# PC hangs when opening GPU-Z



## bjayetnap (Jan 29, 2013)

This rarely happens but i found it annoying and i want to fix it (hopefully). Awhile ago I'm playing Red Alert 3 for about 45 minutes - 1 hour then i closed it, and immediately opened GPU-Z to check the Video Card status, temp, usage, fan speed, etc. Then my computer hangs, mouse and keyboard is not functioning, the screen freezes and my only option is to hard reset. I experienced this 2 times already. 

do you know what cause this? and how do i fix this?

My Computer Spec's

0. OS: Windows 7 Ultimate 32bit
1. CPU - Intel G620
2. Motherboard: - Gigabyte H61M DS2 rev 2.1
3. RAM - 4GB
4. PowerColor HD 7750. ( updated driver )

GPU-Z Version: 0.6.7
Additional Info: When i restarted the computer and opened GPU-Z it gave me an error saying OpenCL is not detected or something, I re-Opened it and it went fined.

thanks.


----------



## AsRock (Jan 29, 2013)

Yeah does that to me some time too, how ever if i wait a while it carry's on like normal.  For the last few weeks it's not happened.

Just tried it just even the older version of it and it's not happening what changed i have no idea..

Any chance your blocking it from checking for updates ?.


----------



## W1zzard (Jan 29, 2013)

can you reproduce the system hang ? if yes then we could try a few builds to see what causes it.

any chance it happens after standby ?


----------



## AsRock (Jan 29, 2013)

I have tried to get it again but no luck and after standby it still don't do it for me at least.


----------



## dbass (Mar 25, 2013)

*I've the exact same problem*

Hi guys,

since several months I also have exact the same issue with GPU-Z. But for me this issue happens almost every time on starting up GPU-Z (after rebooting, after playing etc.).

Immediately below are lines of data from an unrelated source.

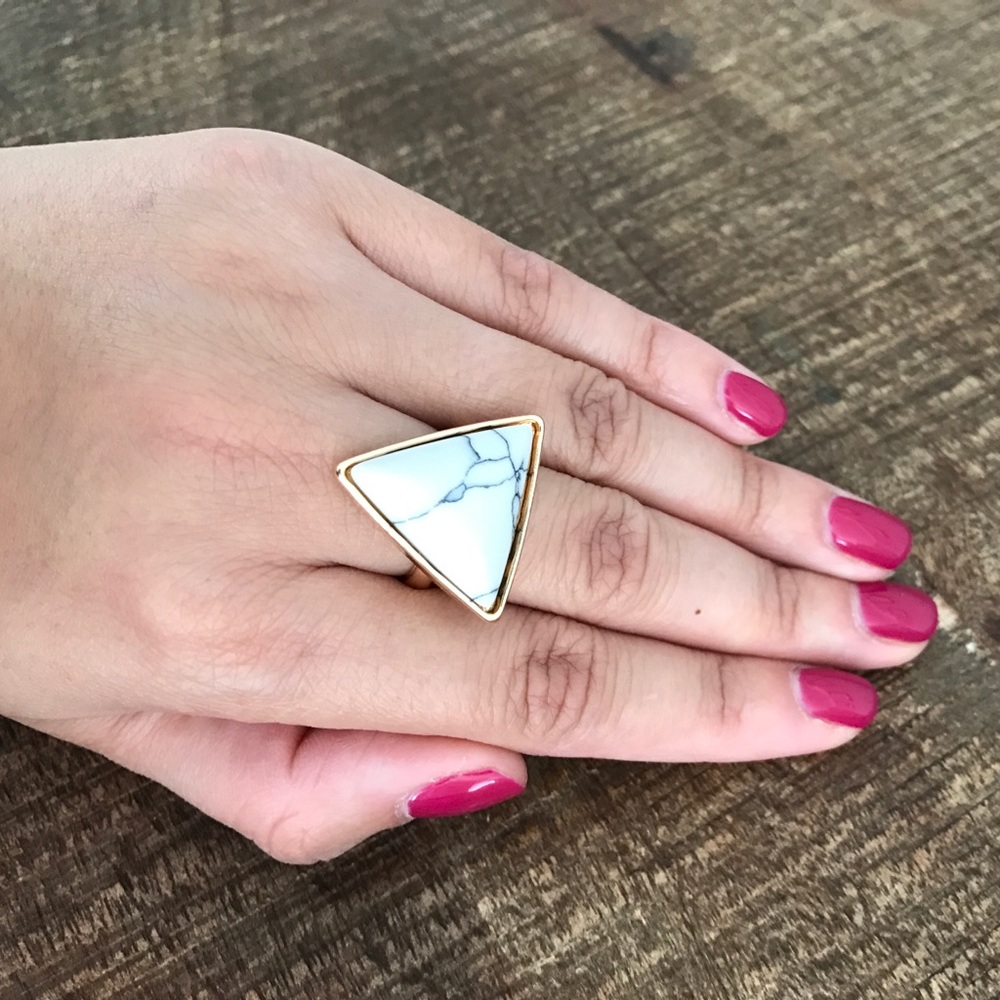 Turquoise triangle ring - Picture 3 of 3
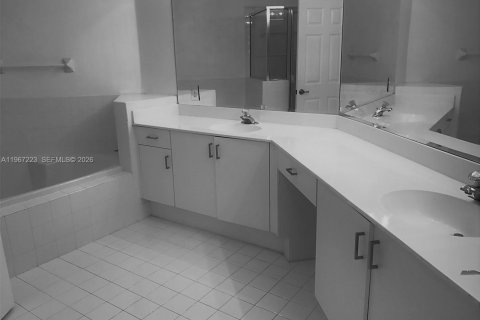 Condominio en venta en Doral, Florida, 3 dormitorios, 194.91 m2 № 2028758 - foto 7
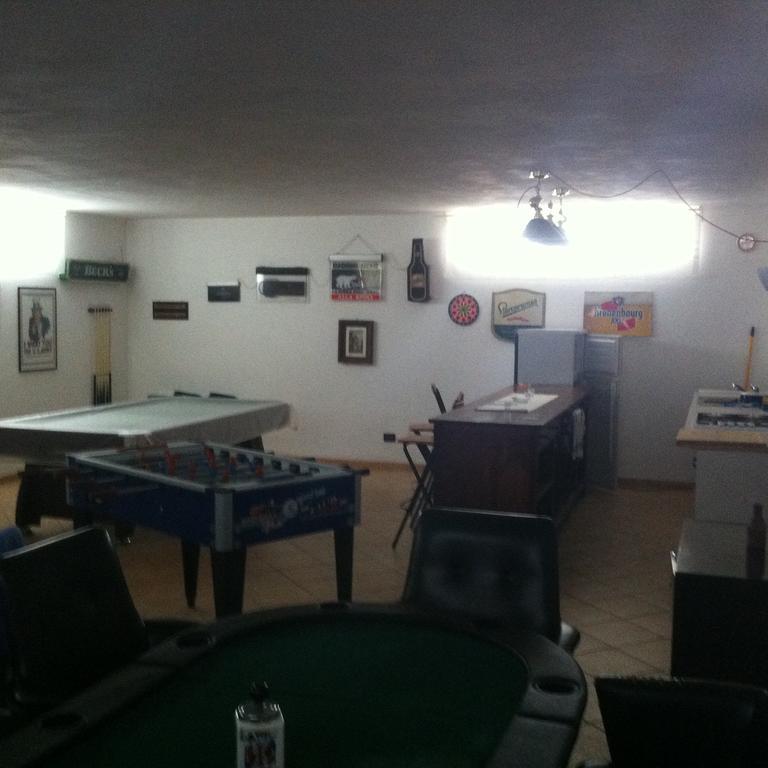 B&B "La Riviera" Arignano Buitenkant foto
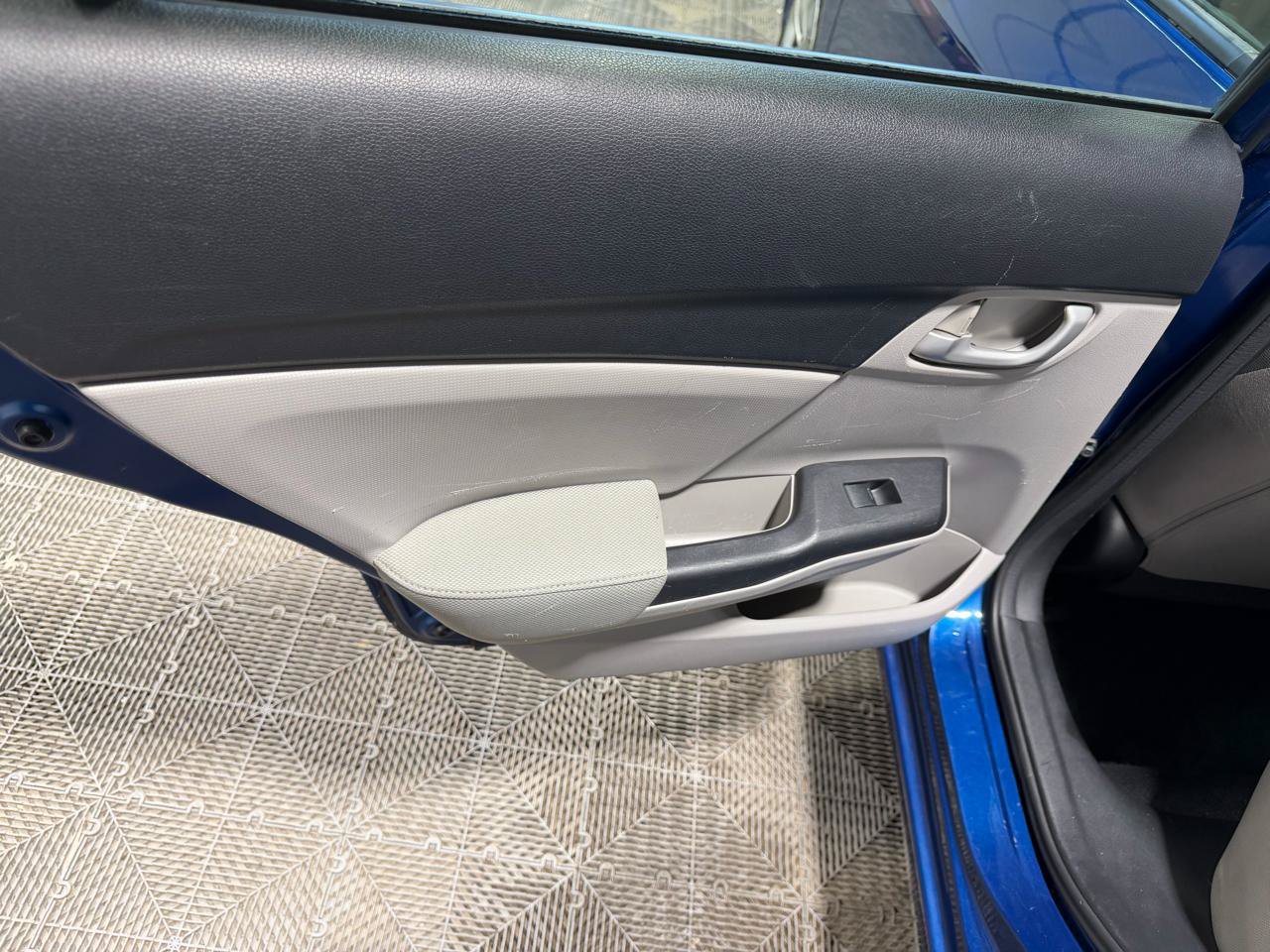 Used 2014 Honda Civic LX image 23
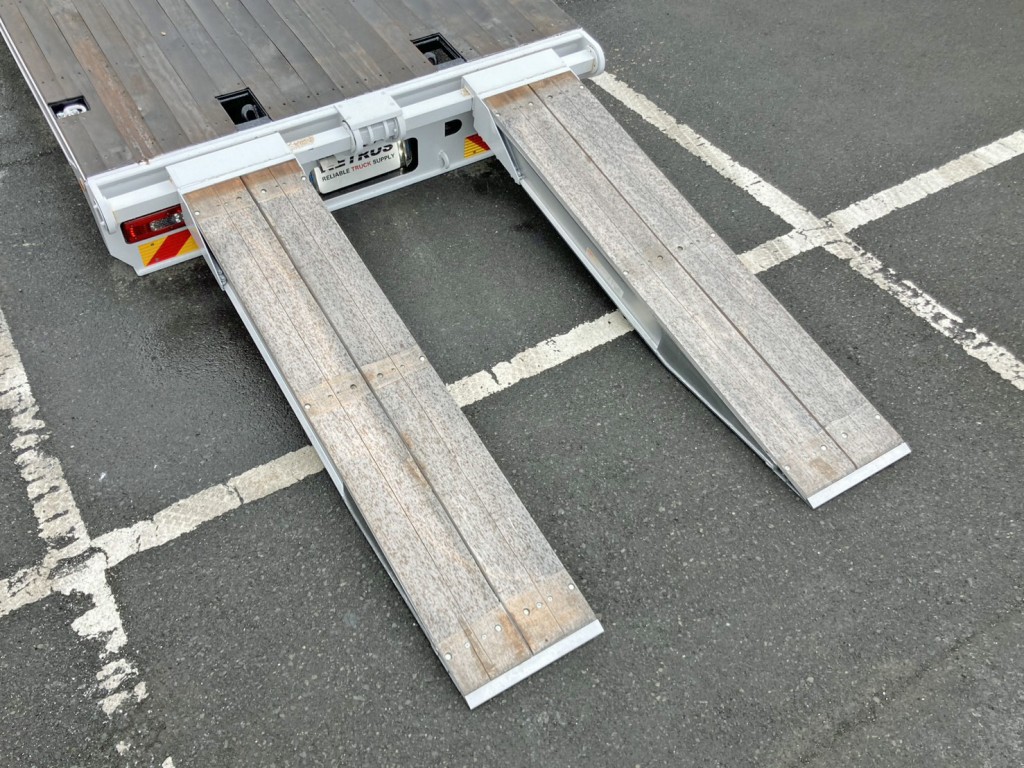 UDトラックス クオン 2RG-CG5FLの写真13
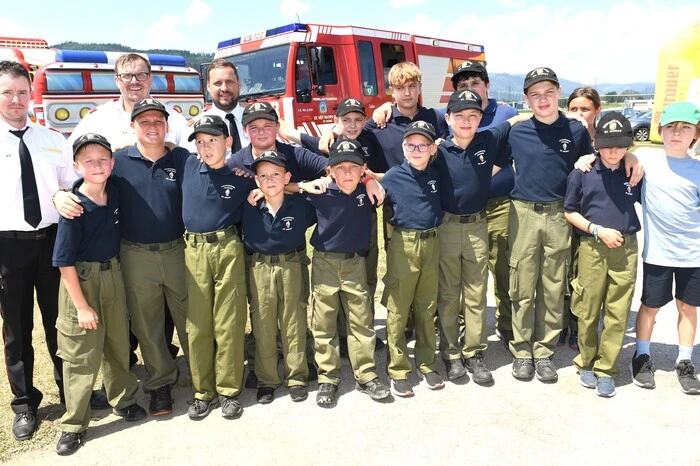 Die -Feuerwehrjugend vor der Übungseinheit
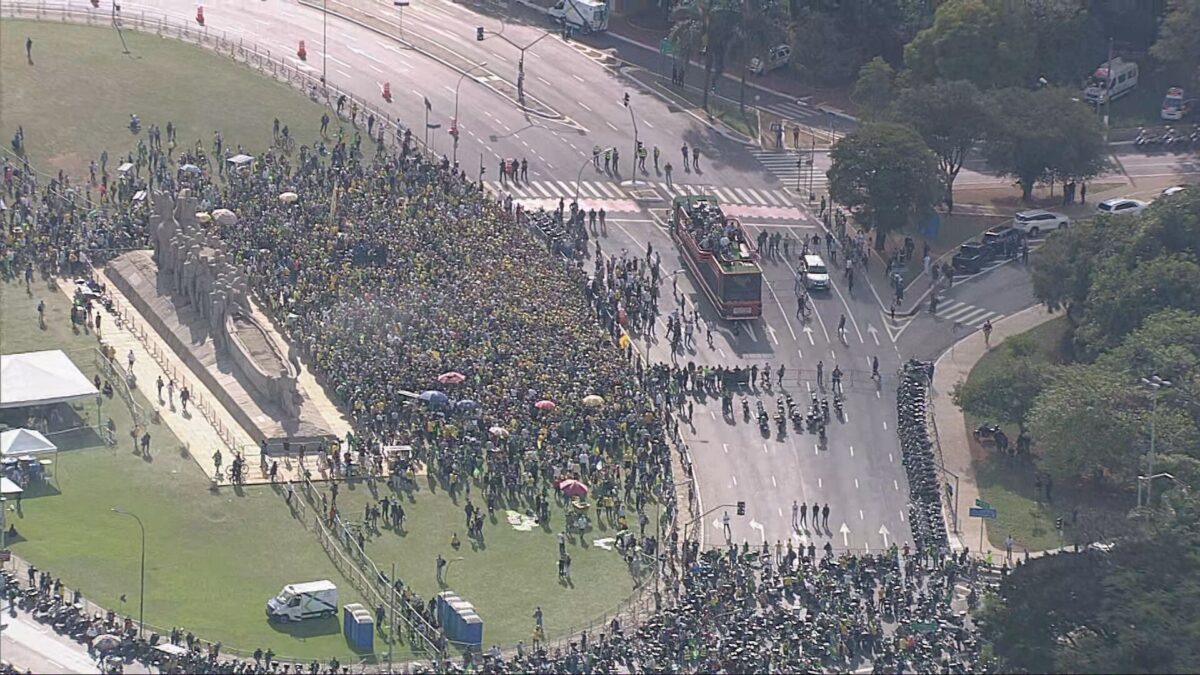 Vídeo não mostra motociata pró-Bolsonaro em Brasília no 1º dia de julgamento
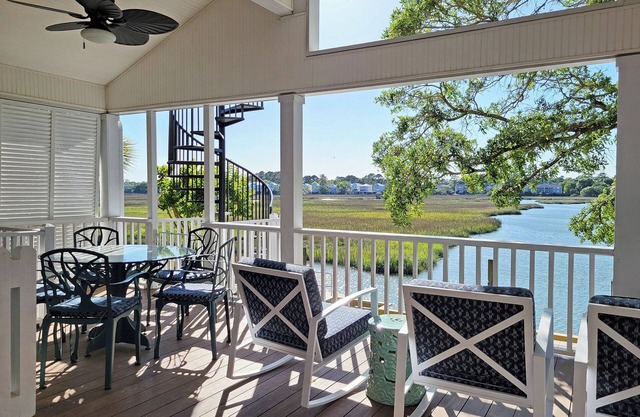 Creek Front Beach House, Easy Walk to Beach, Dog Friendly, Elevator, Creek Dock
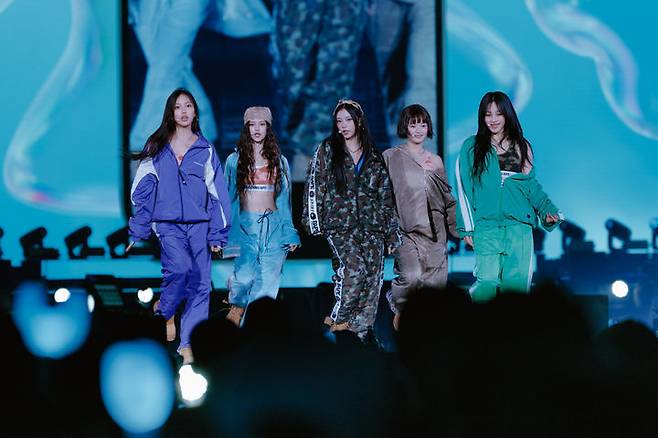 [도쿄=뉴시스] 신드롬 걸그룹 '뉴진스(NewJeans)'가 일본 도쿄돔에서 팬미팅 '버니즈 캠프 2024 도쿄돔(Bunnies Camp 2024 Tokyo Dome)'를 펼치고 있다. (사진 = 어도어 제공) 2024.06.27. photo@newsis.com *재판매 및 DB 금지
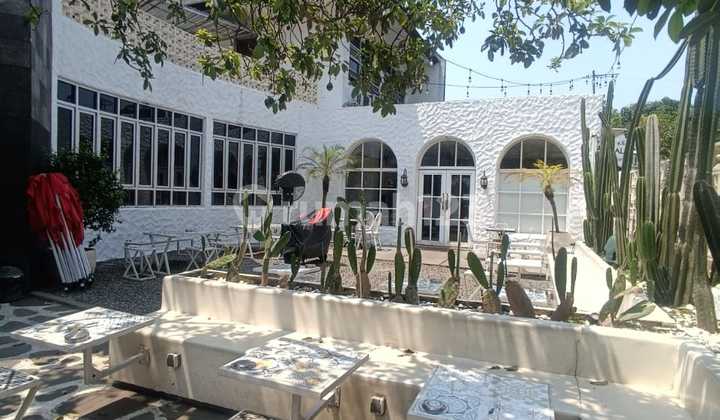 Kebayoran Baru House, South Jakarta, Freehold Certificate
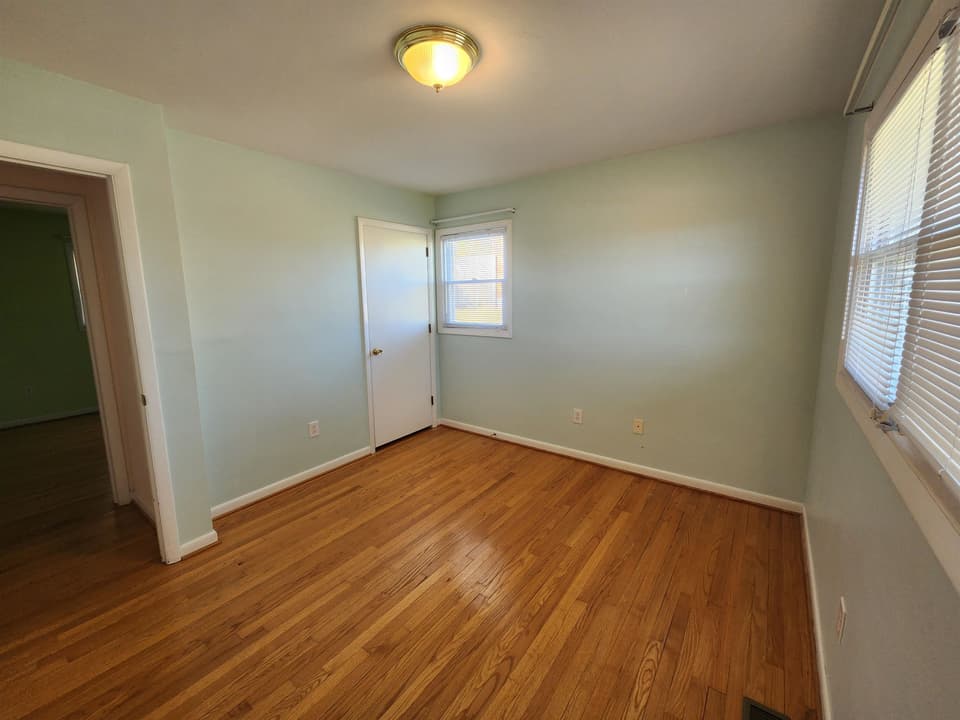 685 Starlight Drive, photo 16 of 30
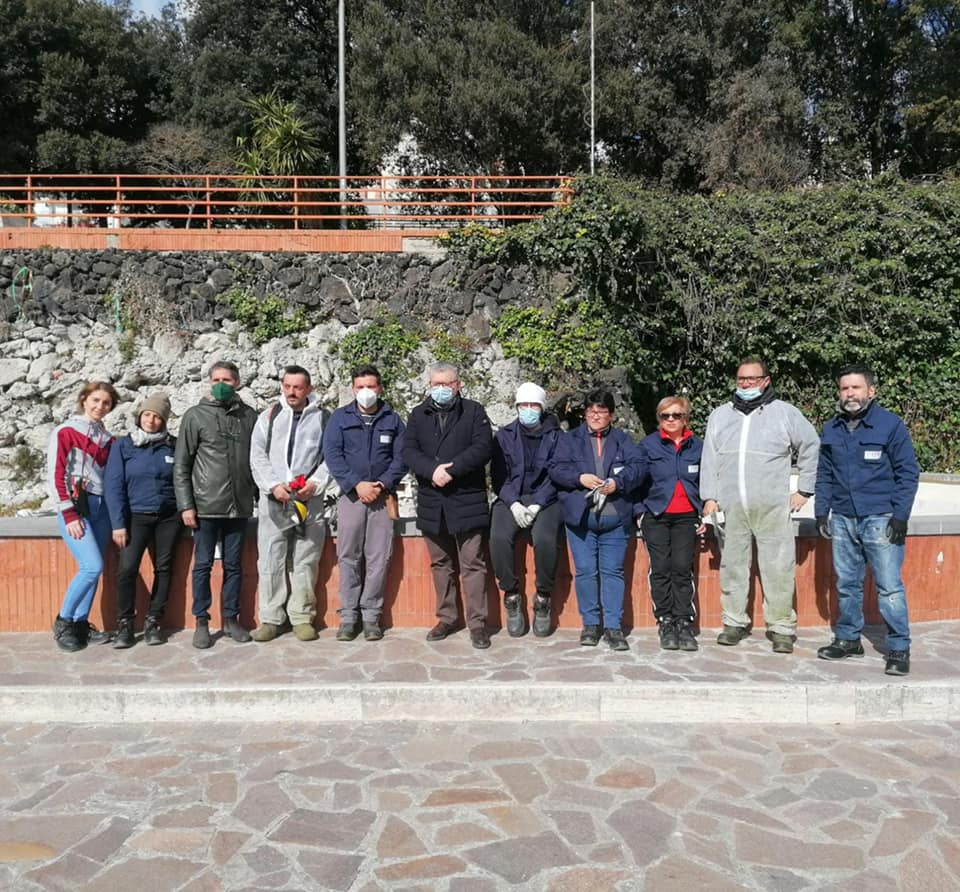 San Cataldo. Allievi e docenti dell’Eap Fedarcom di Caltanissetta stanno sistemando la villa comunale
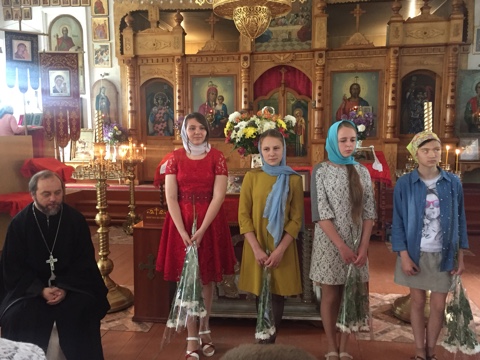 Миллеровские школьники получили благословение перед выпускными экзаменами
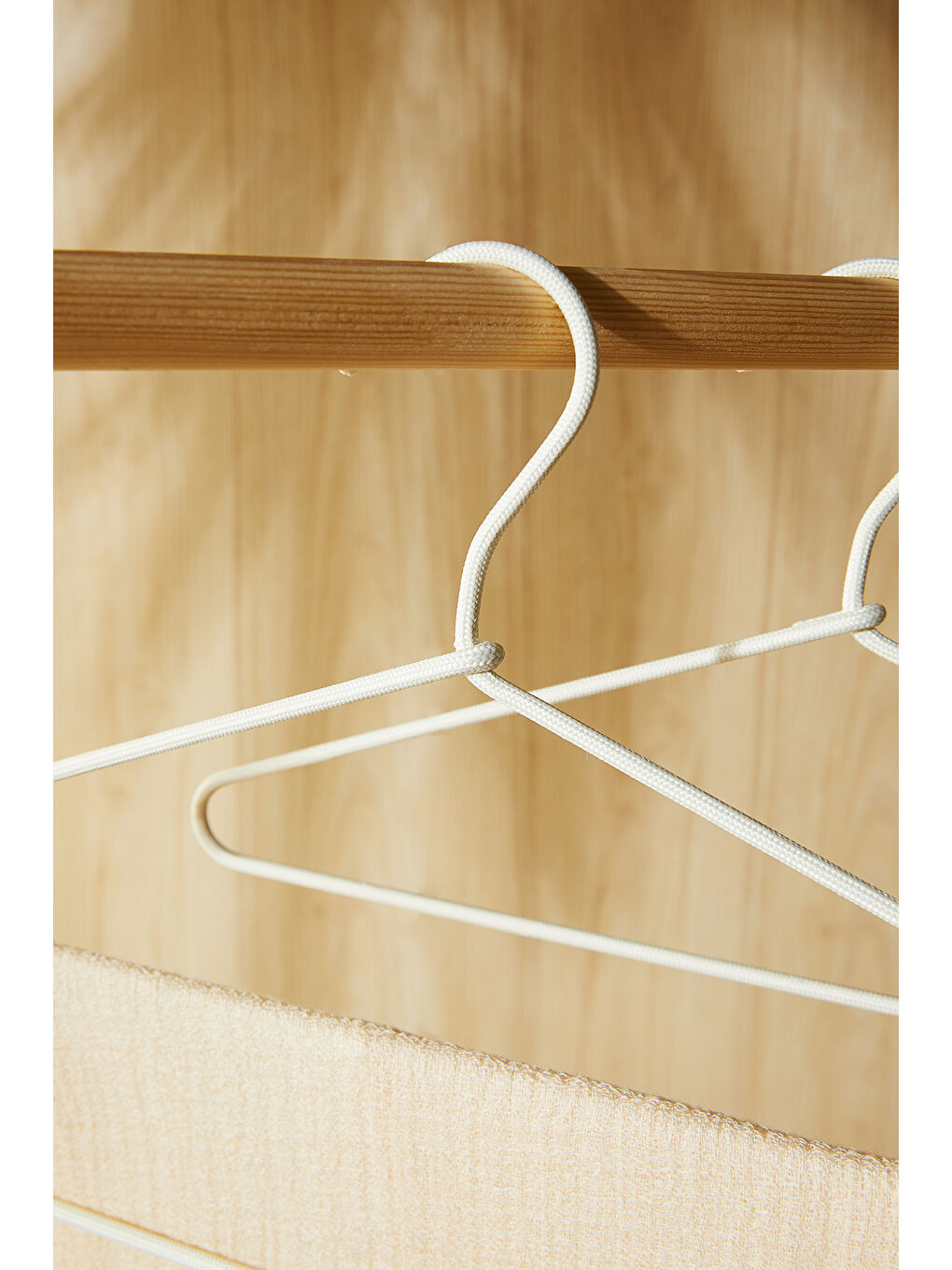 3 Katlı Ekru Renk Kumaş Kaplı Metal Giysi Askısı 42 x 41 x 0.5 cm-2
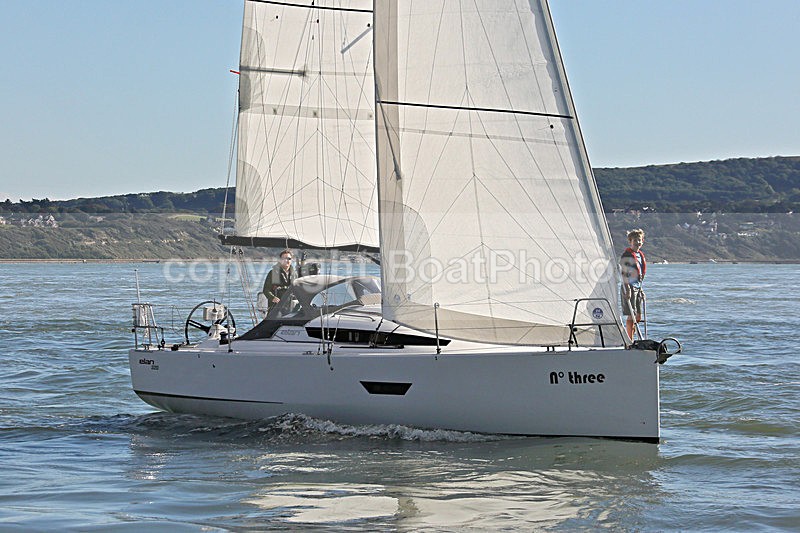 161002 N THREE - ELAN 320 Y92A3054 - Sailboats - monohull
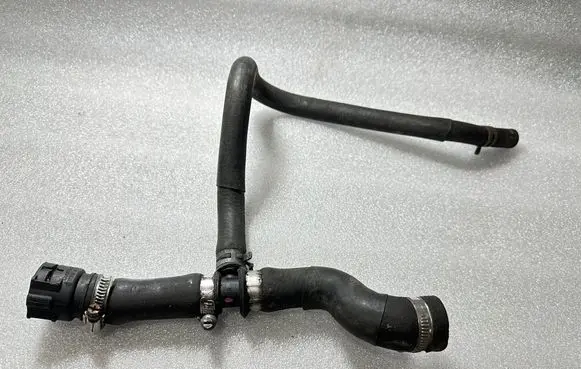 Audi A8 S8 D2 4D Engine coolant pipe/hose 4D0121123B 057121087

When I starting GPU-Z I see the loading screen and the computer freezes completly. So I have to reset. Sometimes it starts and work (very rarely), but I don't have any idea why. In the next moment, when I start it again, it'll freeze my system. I'll appreciate every hint because I like GPU-Z and want to keep using it. Google and looking for errors in windows don't help me so far...

I've done only driver refreshes in the past (currently 13.3 beta 3, failed also in 13.1 WHQL) and no fresh OS install or so. And at some point in the past it stopped working for me. But I can hardly say when and why. It happens also in the current and older versions and it is independent from (non-)overclocking. Please let me know, if you have any idea!

My system specs (some parts): Core i5 750 (@ 3,2 GHz), ASUS 5850 TOP (@ 825MHz/1200MHz), G.Skill 8 GB RAM (default), ASUS P7P55D

Regards


----------



## RCoon (Mar 25, 2013)

I used to get a computer lock up too, then i had to RMA my old 8350 and board and switched over to my intel. Of course i then reinstalled windows and all drivers, but i have noted i've never had the problem since, so i couldnt be sure if it was related to my hardware issues or just plain refreshing my SSD


----------



## AsRock (Mar 25, 2013)

RCoon said:


> I used to get a computer lock up too, then i had to RMA my old 8350 and board and switched over to my intel. Of course i then reinstalled windows and all drivers, but i have noted i've never had the problem since, so i couldnt be sure if it was related to my hardware issues or just plain refreshing my SSD



I think it's to do with beta display drivers but cannot be 100% sure..


----------



## dbass (Mar 25, 2013)

AsRock said:


> I think it's to do with beta display drivers but cannot be 100% sure..


Not for me, happen even with the Catalyst 13.1 WHQL driver.


----------



## kn00tcn (May 19, 2013)

for me, i think it started happening in one of the versions from the past year

today i decide to try the latest & it gets weirder...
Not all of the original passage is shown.